Rand takes Moody's in its stride, eyes now on MPC

Cape Town - The rand took Moody's decision to keep South Africa's sovereign credit rating at one notch above junk status in its stride, according to Bianca Botes, corporate treasury manager at Peregrine Treasury Solutions.

The ratings agency made this announcement close to midnight on Friday night and even upgraded the country's outlook to stable.

"With the Moody's decision having been widely anticipated and markets having a knack for pricing in such events, the rand remained fairly flat, trading at R11.94/$, after gaining 0.94% during trade on Friday," Botes said on Sunday.

"The rand remained flat throughout the weekend, still trading at the R11.72/74 level.""

She anticipates that, as markets open on Monday, the rand is expected to gain some ground in the short term as investors reposition themselves.

"All eyes now shift towards the SA Reserve Bank's Monetary Policy Committee (MPC) on the 28 March.
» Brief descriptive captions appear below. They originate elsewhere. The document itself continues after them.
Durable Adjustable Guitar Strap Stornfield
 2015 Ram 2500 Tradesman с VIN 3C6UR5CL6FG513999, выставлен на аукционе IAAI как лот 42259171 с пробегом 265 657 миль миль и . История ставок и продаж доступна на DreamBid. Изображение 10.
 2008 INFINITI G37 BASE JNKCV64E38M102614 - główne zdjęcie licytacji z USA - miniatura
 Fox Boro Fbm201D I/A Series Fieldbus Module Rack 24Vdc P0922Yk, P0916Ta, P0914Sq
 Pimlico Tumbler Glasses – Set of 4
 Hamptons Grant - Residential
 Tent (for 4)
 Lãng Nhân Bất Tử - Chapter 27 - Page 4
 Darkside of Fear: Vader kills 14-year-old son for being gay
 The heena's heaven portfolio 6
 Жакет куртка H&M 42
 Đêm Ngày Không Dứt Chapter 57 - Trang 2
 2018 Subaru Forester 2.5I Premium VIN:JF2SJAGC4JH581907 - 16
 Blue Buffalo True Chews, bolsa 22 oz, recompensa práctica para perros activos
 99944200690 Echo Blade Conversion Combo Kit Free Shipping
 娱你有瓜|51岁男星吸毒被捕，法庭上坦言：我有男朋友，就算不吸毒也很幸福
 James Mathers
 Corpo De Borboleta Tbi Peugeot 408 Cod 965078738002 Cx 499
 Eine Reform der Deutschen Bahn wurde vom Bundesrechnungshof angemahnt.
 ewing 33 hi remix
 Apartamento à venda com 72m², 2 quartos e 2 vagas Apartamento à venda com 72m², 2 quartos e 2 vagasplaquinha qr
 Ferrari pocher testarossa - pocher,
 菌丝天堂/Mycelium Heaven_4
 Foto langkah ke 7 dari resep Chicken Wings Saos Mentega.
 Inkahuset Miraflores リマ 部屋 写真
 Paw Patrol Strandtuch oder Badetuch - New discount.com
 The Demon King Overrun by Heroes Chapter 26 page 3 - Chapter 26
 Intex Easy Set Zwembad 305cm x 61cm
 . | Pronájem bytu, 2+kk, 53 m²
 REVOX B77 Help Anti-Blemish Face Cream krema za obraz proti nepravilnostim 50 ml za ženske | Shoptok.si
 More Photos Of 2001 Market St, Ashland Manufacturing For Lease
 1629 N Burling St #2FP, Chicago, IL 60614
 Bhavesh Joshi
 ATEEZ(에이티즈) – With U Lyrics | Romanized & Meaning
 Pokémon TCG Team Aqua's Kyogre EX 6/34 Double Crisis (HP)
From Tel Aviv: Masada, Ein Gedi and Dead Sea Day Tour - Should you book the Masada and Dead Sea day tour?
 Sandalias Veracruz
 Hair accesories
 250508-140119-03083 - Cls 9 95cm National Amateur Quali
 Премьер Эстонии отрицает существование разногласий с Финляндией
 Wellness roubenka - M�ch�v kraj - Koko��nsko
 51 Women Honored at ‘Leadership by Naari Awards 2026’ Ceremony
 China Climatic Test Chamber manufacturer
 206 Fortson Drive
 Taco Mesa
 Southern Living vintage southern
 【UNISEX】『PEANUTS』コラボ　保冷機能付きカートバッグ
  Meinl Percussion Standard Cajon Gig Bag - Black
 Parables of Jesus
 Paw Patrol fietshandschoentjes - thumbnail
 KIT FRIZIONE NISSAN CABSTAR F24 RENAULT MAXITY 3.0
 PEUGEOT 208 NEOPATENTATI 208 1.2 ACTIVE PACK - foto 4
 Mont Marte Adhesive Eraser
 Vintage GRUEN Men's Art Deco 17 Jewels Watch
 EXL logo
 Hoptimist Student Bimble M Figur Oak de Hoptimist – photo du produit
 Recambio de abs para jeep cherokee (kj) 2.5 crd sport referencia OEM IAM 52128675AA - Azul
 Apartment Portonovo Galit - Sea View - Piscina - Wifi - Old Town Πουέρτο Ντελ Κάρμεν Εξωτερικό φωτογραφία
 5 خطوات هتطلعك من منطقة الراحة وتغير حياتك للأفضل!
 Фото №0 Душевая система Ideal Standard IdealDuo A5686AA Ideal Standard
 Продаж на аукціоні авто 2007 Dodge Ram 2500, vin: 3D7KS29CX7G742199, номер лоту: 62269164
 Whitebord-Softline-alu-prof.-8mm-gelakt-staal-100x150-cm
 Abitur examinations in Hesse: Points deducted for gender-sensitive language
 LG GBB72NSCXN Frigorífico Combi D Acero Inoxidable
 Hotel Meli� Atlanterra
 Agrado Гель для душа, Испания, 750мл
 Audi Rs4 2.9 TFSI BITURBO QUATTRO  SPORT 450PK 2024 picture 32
The SARB is expected to hold repo rates steady at 6.75% as the economy slowly shows signs of an uptick in line with global markets," said Botes.

Botes pointed out that Moody's resolution not to downgrade came after SA’s "transition" politically, moving from the era of former president Jacob Zuma to leadership under President Cyril Ramaphosa.

When making their decisions, ratings agencies mainly look for Treasury stability and government policy stability, she explained.

"In simple terms, the agencies seek to answer the following questions: Can the country service its interest and debt payments and can policy drive economic growth and activity?"

The recent budget speech as well as the leadership transition both appealed to Moody’s.

"Although this news is positive, one must still consider the long road ahead for SA - the next goal being to have the previous downgrades reversed," said Botes.

"Economic growth, employment and fixed capital investment will be key elements to ensure a robust investment environment moving forward as well as a clear path in terms of the Mining Charter and the redistribution of land."